What needs to be done: Repeat the listing exactly as given, omitting every image.

Source data:
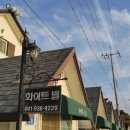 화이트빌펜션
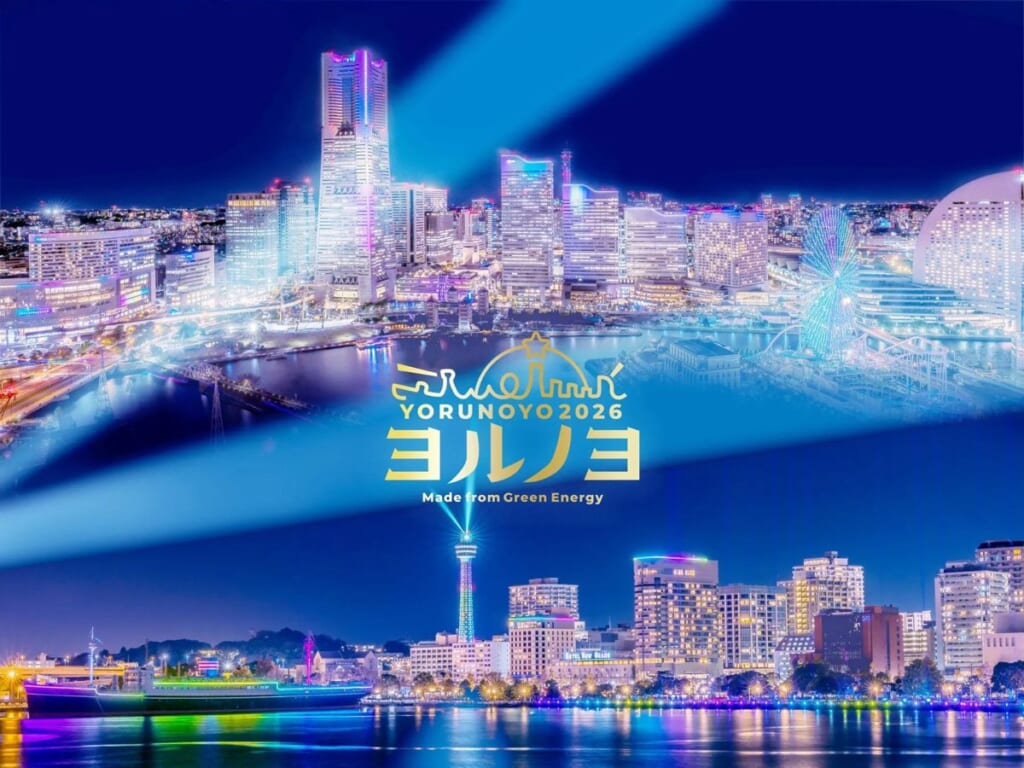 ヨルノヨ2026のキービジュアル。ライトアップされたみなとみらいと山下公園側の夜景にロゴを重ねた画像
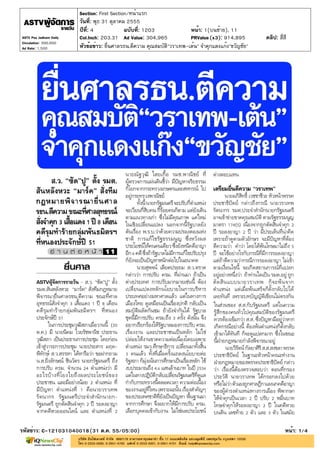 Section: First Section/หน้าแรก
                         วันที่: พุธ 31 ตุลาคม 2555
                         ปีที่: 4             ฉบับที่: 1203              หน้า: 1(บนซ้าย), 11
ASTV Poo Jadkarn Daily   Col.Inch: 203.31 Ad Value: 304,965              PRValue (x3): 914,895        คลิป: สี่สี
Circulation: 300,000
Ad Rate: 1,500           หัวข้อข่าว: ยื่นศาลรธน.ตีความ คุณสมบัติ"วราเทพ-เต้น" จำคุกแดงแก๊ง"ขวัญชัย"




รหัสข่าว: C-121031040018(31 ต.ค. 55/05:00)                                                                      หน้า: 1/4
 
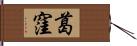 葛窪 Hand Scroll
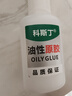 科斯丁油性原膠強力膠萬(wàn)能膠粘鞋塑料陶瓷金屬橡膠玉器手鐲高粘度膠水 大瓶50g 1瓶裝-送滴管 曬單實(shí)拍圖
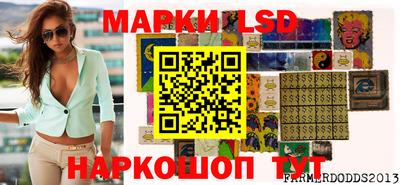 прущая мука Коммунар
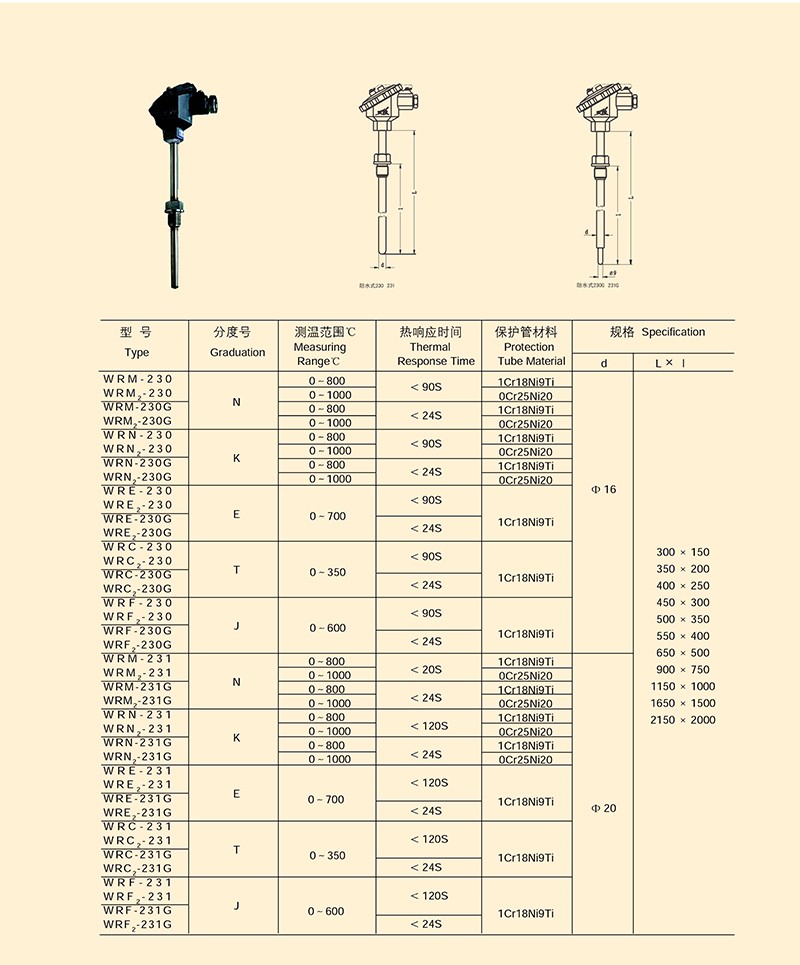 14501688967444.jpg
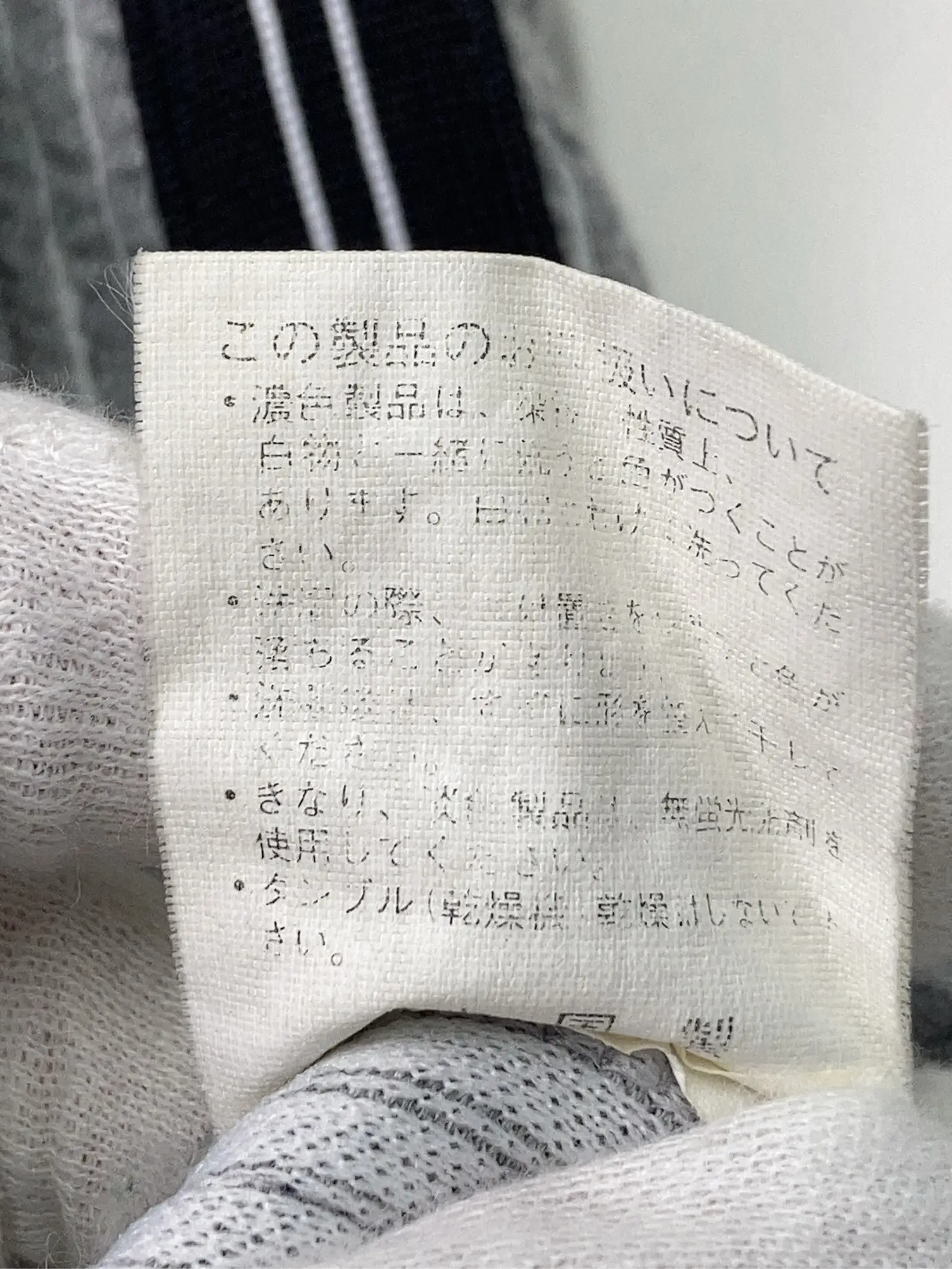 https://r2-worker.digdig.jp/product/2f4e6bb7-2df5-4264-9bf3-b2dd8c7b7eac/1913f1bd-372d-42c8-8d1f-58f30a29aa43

Reply to the task:
 화이트빌펜션
 ヨルノヨ2026のキービジュアル。ライトアップされたみなとみらいと山下公園側の夜景にロゴを重ねた画像
 Section: First Section/หน้าแรก
                         วันที่: พุธ 31 ตุลาคม 2555
                         ปีที่: 4             ฉบับที่: 1203              หน้า: 1(บนซ้าย), 11
ASTV Poo Jadkarn Daily   Col.Inch: 203.31 Ad Value: 304,965              PRValue (x3): 914,895        คลิป: สี่สี
Circulation: 300,000
Ad Rate: 1,500           หัวข้อข่าว: ยื่นศาลรธน.ตีความ คุณสมบัติ"วราเทพ-เต้น" จำคุกแดงแก๊ง"ขวัญชัย"




รหัสข่าว: C-121031040018(31 ต.ค. 55/05:00)                                                                      หน้า: 1/4
 
 葛窪 Hand Scroll
 科斯丁油性原膠強力膠萬(wàn)能膠粘鞋塑料陶瓷金屬橡膠玉器手鐲高粘度膠水 大瓶50g 1瓶裝-送滴管 曬單實(shí)拍圖
 прущая мука Коммунар
 14501688967444.jpg
 https://r2-worker.digdig.jp/product/2f4e6bb7-2df5-4264-9bf3-b2dd8c7b7eac/1913f1bd-372d-42c8-8d1f-58f30a29aa43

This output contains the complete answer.